By anon84627 — On May 17, 2010

No. What is unfair is the law school sitting on stolen land and then only giving 10 places to indigenous people who were paid nothing for all that was taken from them in the name of manifest destiny.

By anon57759 — On Dec 27, 2009

I'll also add that the Brendan McGuigan who wrote this article on CRT may be a Marxist himself.

By anon57757 — On Dec 27, 2009

Critical Race Theory is the application of Marxist Critical Theory to race. It's Marxist garbage through and through. I'll add that CRT arguments in courts of law get laughed out of court every single time, and the only place this trash is taken seriously is leftist-dominated campuses.

By Question1 — On May 31, 2009

You bet he was treated unfairly! Now, you just need to fill in the other 594-644 words.

By anon32710 — On May 26, 2009

Ahahaha... busted Anon! No one escapes the long arm of the law academic!

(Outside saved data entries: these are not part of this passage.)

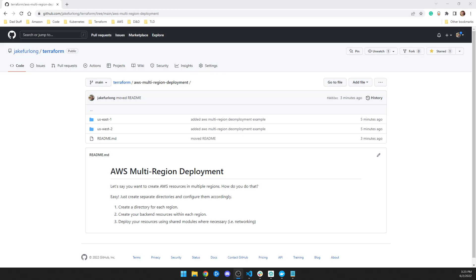Hey, what's up? It's Jake from Nova's DevOps, and I'm going to go over an AWS multi-region deployment with Terraform.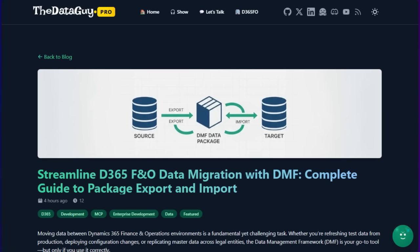Hello, friends from the internet — More the Data Guys here. Welcome to 'Streamlining D365 Finance and Operations Data Migration with DMF: A Complete Guide to Data Packages Import and Export.'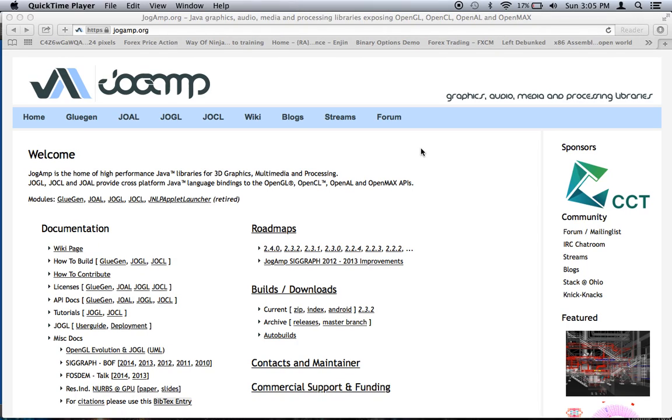Hey everyone, and welcome to our first episode of the Java OpenGL two-dimensional game development tutorial series.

By anon32332 — On May 20, 2009

Hi Anon,

I suggest you find a more private forum to ask such questions as any response if found in a submission for university, would be deemed plagiarizing and subsequently result in your failure in the upcoming assignment.

Regards Archana

By anon32194 — On May 17, 2009

A law school has 200 places for incoming law students. It sets aside 10 places for which only indigenous students may compete. The required UAI is lower for these students. A white student who applies for one of the remaining 190 places is rejected but the law school concedes that his UAI is high enough that if he had been indigenous he would have been accepted. Do you think that the law school’s policy treated the white applicant unfairly?